Unfortunately, the symbol for element 112, copernicium, is wrong. The symbol shown, Cp, has indeed been proposed for this element, but instead Cn was chosen. The principal reason for rejecting Cp was that it was used as the symbol for cassiopeium until IUPAC in 1949 approved the name lutetium (Lu) for this last of the lanthanide elements. Another argument against Cp was the fact that this symbol has been used for decades as notation for cyclopentadienyl. Finally, it has also been noted that CP is used as the symbol for heat capacity at constant pressure. 

So CHF, please correct the mistake before the contest is launched this fall, and please, keep up the good work.

Leiv K. Sydnes, University of Bergen (Norway)
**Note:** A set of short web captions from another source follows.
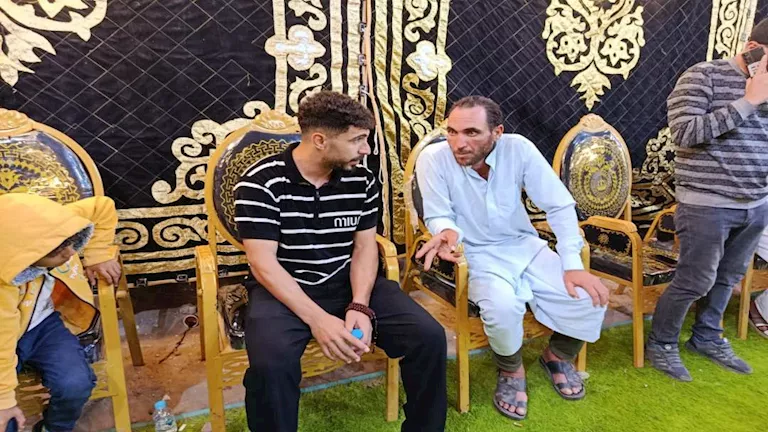 محمد ربيعة يتقدم عزاء والده بمسقط رأسه في كفر الشيخ – صور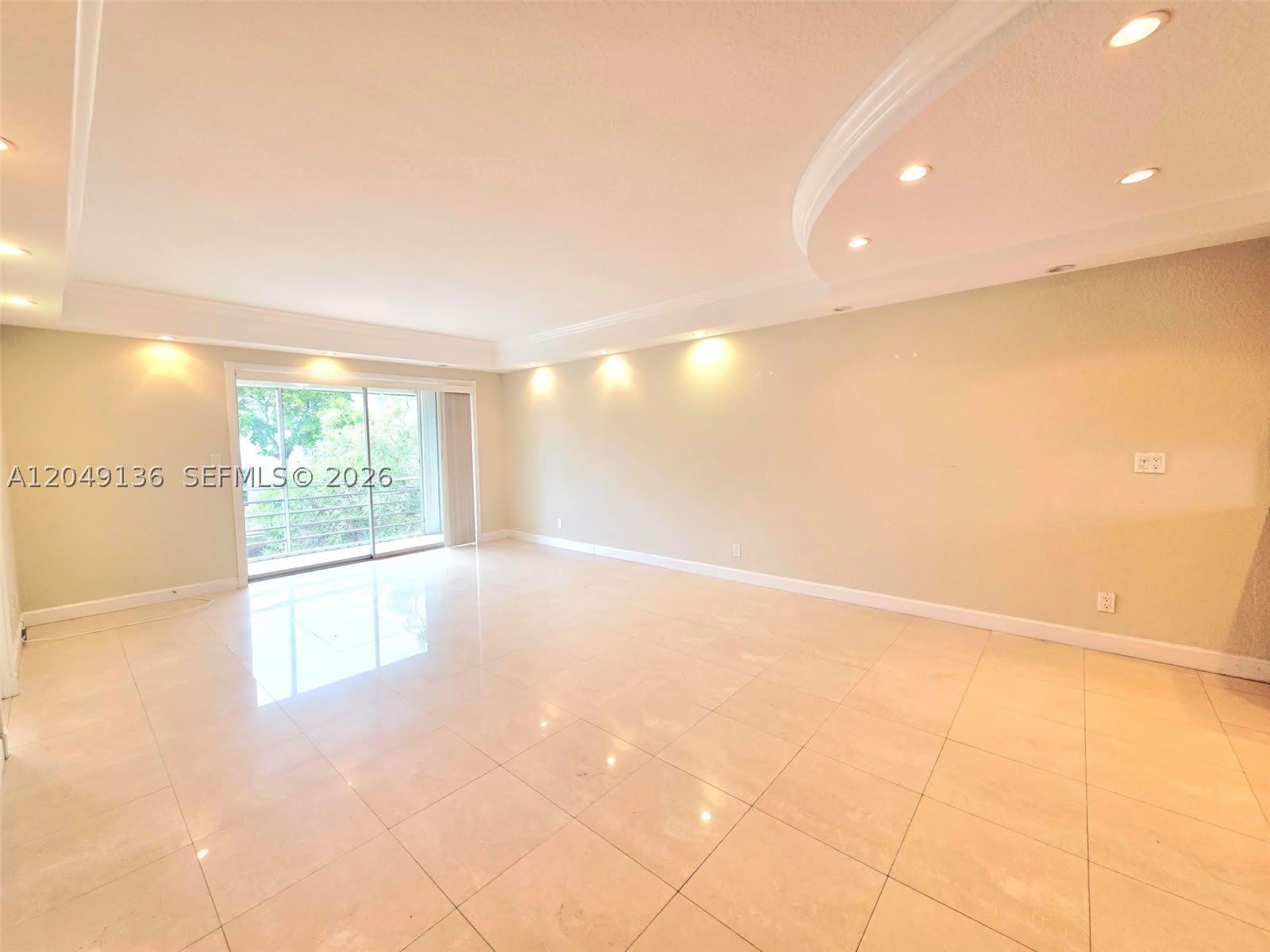 1400 NE 57th Ct – photo 1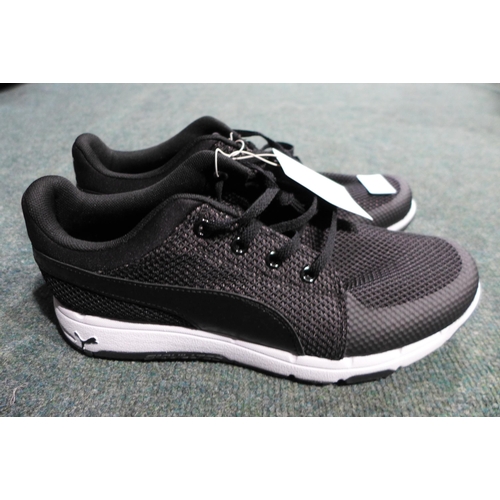 3210 - Pair of men's black Puma Golf trainers UK 7.5 * this lot is subject to VAT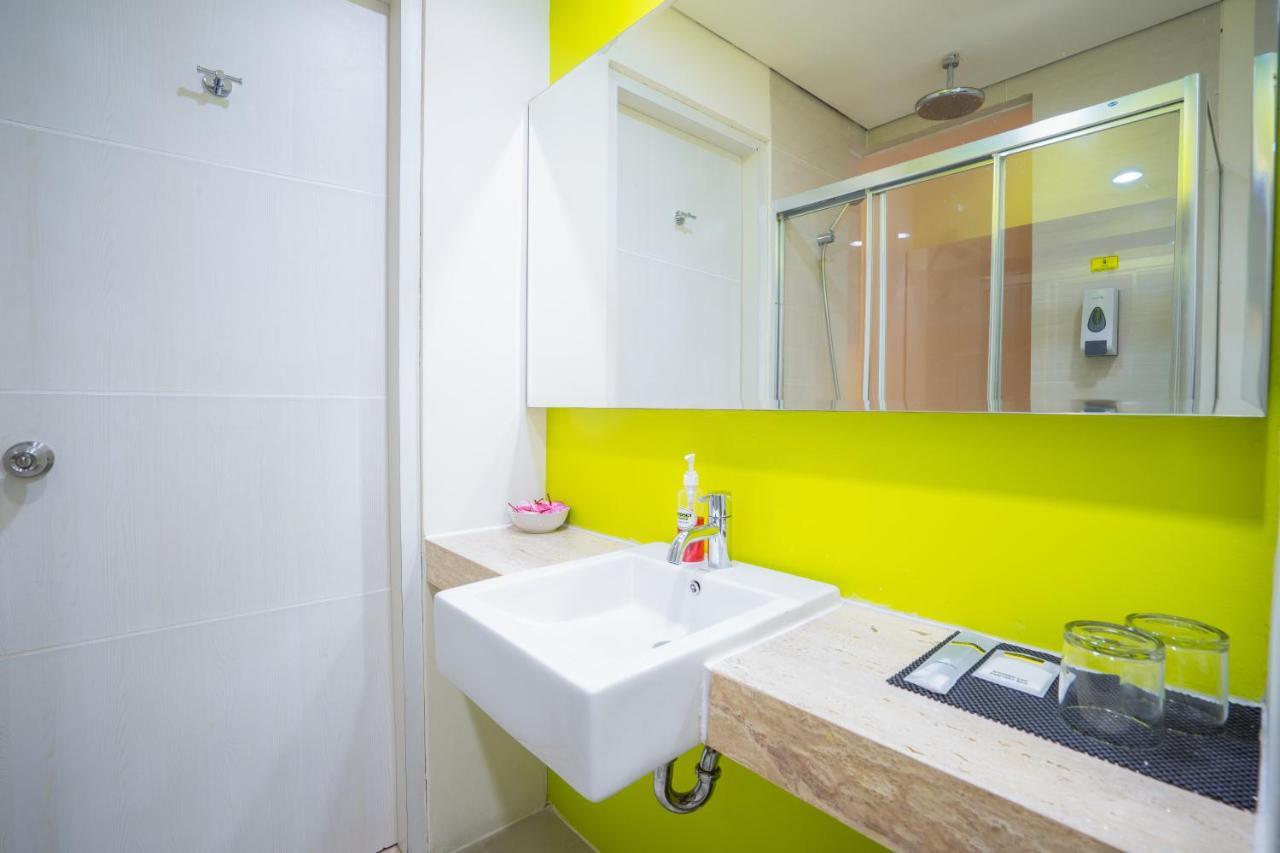 Maxonehotels.Com At Vivo פאלמבאנג מראה חיצוני תמונה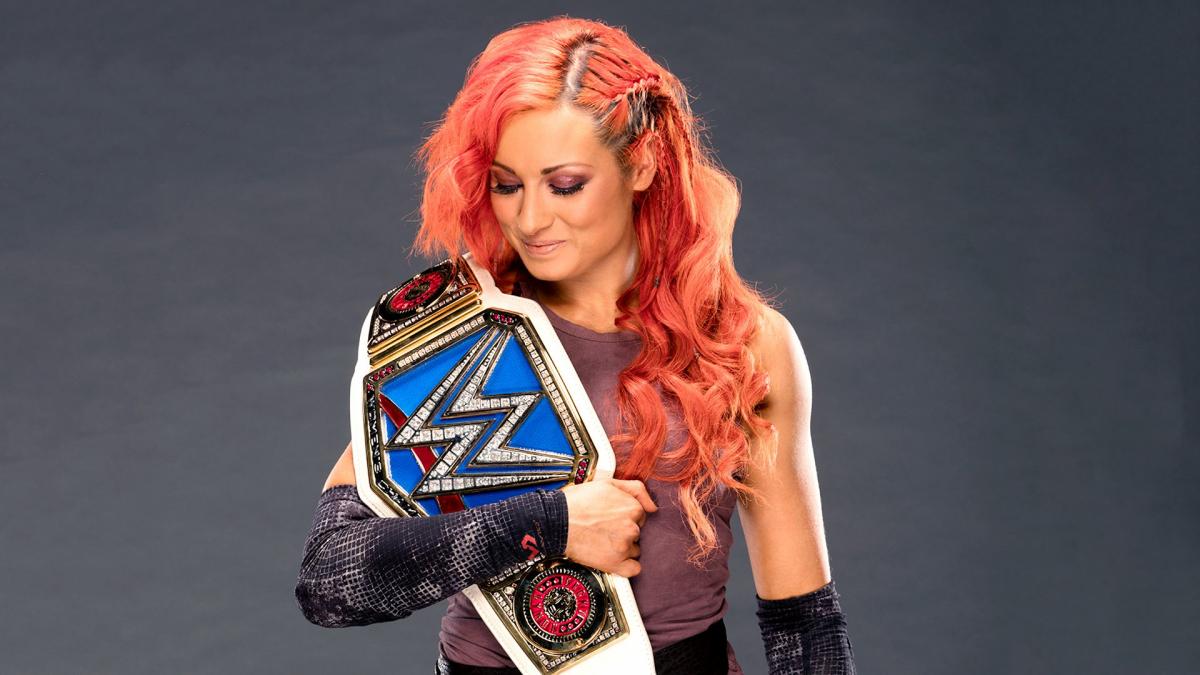 Becky Lynch shows off her SmackDown Women's Championship: photo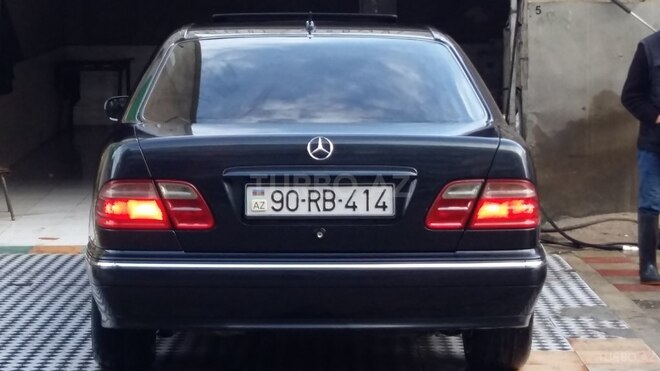 Mercedes E 240 2001, 217,400 km - 2.6 l - Bakı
Editors’ Note: The erroneous image came from an early design of the Web page, which depicted an outdated version of the periodic table. A current version was used during the programming phase of the online contest several months ago. Unfortunately, the magazine used the earlier promotional image, and the error was not picked up during the editing process. The contest is now live and we hope our readers will visit the Web page, view the videos, vote, and leave comments.


Brazil Connection

One aspect of John William Draper’s life (“Across the Spectrum,” Summer 2010, p. 8) is little known. Draper was married to a Brazilian woman whose British father was a professor of chemistry in Rio de Janeiro and whose mother was a lady-in-waiting to the Portuguese queen. In 1808 the Portuguese royal family, fleeing Napoleon’s invasion, took refuge in Brazil, thus making Rio de Janeiro the de facto capital of the Portuguese Empire. They remained in Brazil for 13 years, during which time many institutions were created, several of them dealing with science. This includes the Royal Military Academy, where the first regular course of chemistry in the country was set up in 1810. The professor appointed to the chair of chemistry was Daniel Gardner, who married a lady-in-waiting and namesake of the Portuguese queen, Carlota Joaquina de Paiva Pereira Gardner. After Gardner’s retirement in 1825 the family went to England, where their daughter, Antônia Caetana de Paiva Pereira Gardner, would later marry John William Draper.

Carlos A. L. Filgueiras, Department of Chemistry – UFMG (Belo Horizonte - MG Brazil)

Editors’ Note: On page 30 (“Chemical Relations,” Summer 2010) Walter Hückel is listed as the theoretician who proposed a general theory based on the number of electrons in a ring compound. In fact, it was his brother Erich who proposed the theory. We regret the error.